* INSTRUCTIONS TO FOLLOW: An exact copy is needed of each line from the one including "Rechtsgebiete" through the last line of the entries, both ends counted, with nothing added.

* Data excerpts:
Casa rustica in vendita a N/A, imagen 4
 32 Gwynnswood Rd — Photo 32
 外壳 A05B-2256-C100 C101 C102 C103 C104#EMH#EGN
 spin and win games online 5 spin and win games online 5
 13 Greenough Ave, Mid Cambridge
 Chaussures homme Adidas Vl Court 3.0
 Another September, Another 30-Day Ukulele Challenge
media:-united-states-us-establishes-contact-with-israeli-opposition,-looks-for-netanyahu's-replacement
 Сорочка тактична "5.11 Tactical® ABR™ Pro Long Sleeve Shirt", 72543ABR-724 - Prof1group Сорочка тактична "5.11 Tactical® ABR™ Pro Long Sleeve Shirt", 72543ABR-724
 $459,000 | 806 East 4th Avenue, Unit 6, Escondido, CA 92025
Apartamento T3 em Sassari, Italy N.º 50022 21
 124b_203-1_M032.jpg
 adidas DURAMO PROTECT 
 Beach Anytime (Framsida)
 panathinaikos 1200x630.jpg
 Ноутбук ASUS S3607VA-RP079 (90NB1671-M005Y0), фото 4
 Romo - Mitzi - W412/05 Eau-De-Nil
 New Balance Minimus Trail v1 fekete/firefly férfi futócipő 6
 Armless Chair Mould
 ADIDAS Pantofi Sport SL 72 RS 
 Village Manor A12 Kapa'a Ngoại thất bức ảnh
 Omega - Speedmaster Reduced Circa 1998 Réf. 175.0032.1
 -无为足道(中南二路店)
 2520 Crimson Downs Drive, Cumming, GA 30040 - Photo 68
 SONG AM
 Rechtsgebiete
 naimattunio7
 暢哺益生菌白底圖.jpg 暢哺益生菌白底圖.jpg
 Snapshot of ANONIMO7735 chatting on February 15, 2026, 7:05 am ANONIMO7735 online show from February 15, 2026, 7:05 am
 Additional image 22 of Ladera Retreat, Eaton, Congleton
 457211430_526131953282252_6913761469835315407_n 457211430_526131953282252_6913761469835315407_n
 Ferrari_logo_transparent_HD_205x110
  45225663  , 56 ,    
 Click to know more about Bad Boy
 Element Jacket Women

* RESULT FOR THIS TASK:
 Rechtsgebiete
 naimattunio7
 暢哺益生菌白底圖.jpg 暢哺益生菌白底圖.jpg
 Snapshot of ANONIMO7735 chatting on February 15, 2026, 7:05 am ANONIMO7735 online show from February 15, 2026, 7:05 am
 Additional image 22 of Ladera Retreat, Eaton, Congleton
 457211430_526131953282252_6913761469835315407_n 457211430_526131953282252_6913761469835315407_n
 Ferrari_logo_transparent_HD_205x110
  45225663  , 56 ,    
 Click to know more about Bad Boy
 Element Jacket Women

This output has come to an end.